Analysis

What Did the Rumsfeld/Gates Pentagon Do with $1 Trillion?

In 1998, the Pentagon budget was at a twenty three year low at $361 billion (in constant 2010 dollars). For 2010, the DOD budget was $697 billion (also 2010 dollars, as are all the rest that follow).

According to the analysis of the Project on Defense Alternatives, between 1998 and 2010 Congress appropriated to the Pentagon $2.144 Trillion (with a "T") more than was anticipated by the 1999 "baseline." Of that amount, $1.113 Trillion was spent on the wars in Iraq and Afghanistan, and $1.031 Trillion was added to "base" (non-war) Pentagon spending. (See p. 3 of PDA's study, "An Undisciplined Defense: Understanding the $2 Trillion Surge in US Defense Spending" at http://www.comw.org.) Finally, that $102 billion efficiency drive being pursued by Secretary Gates is over five years. The current Pentagon budget plan is to spend $3.245 Trillion over that period. In other words, the much touted Gates plan would shift from overhead to hardware just 3 percent of the planned spending.

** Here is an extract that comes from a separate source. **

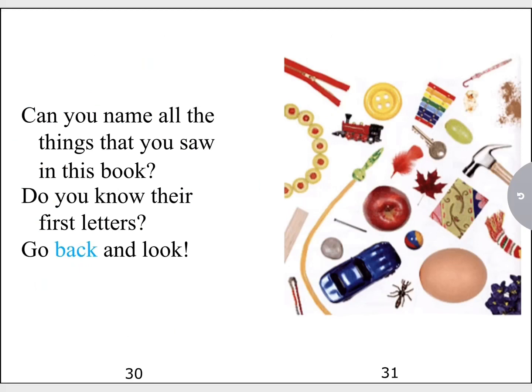Can you name all the things that you saw in this book? Do you know their first letters? Go back and take a look. I hope you enjoyed this book. That's all for today. Thank you. Bye.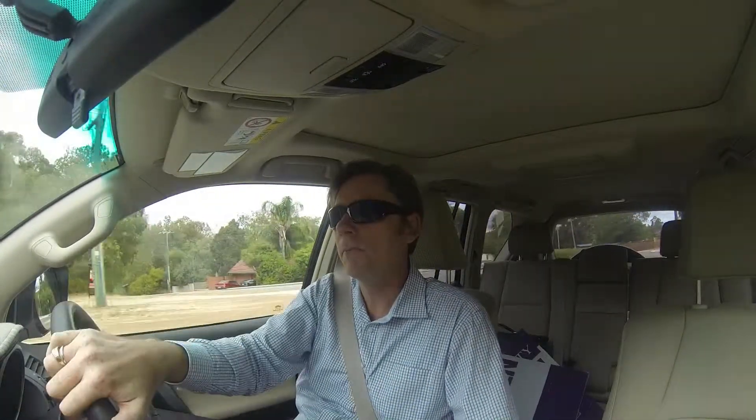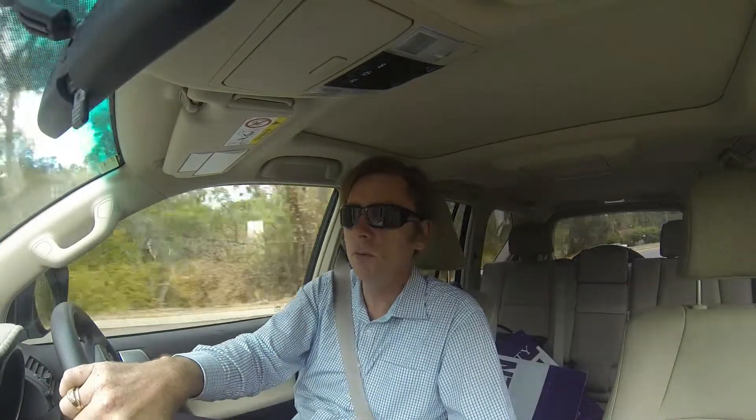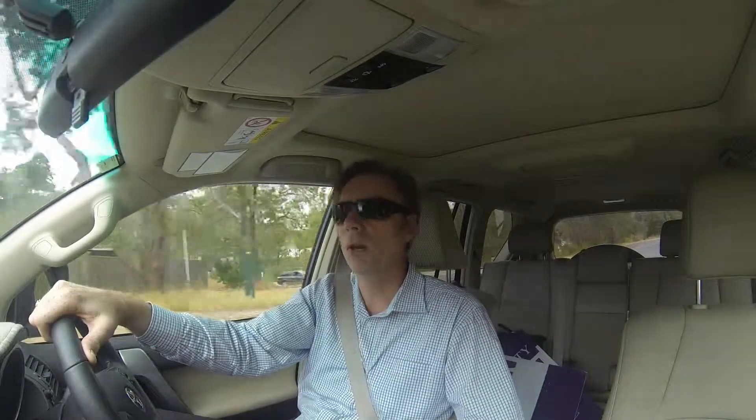The bedrooms on the property are all a good size with built-in robes. There's plenty of space out the back to put a pool. If you've been looking for a while, this is probably something you'd want to have a look at. It's certainly suited to a large family, and for Helena Valley the price is very reasonable. Feel free to give me a call — happy to show you through at any point that suits you. Thank you.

If the soft spoken Secretary Gates is to avoid the derision generally slung at the blustering Secretary Rumsfeld, the former will need to do more—a lot more—to evade a legacy of failure. Gates highly effective soft spoken technique of overpowering Congress when he wants to and his mutually reinforcing relationship with President Obama will be seen by history as wasted assets if the secretary does mobilize them for a far more pervasive program of real reform to help the Pentagon survive, even prosper, in the coming age of scare money.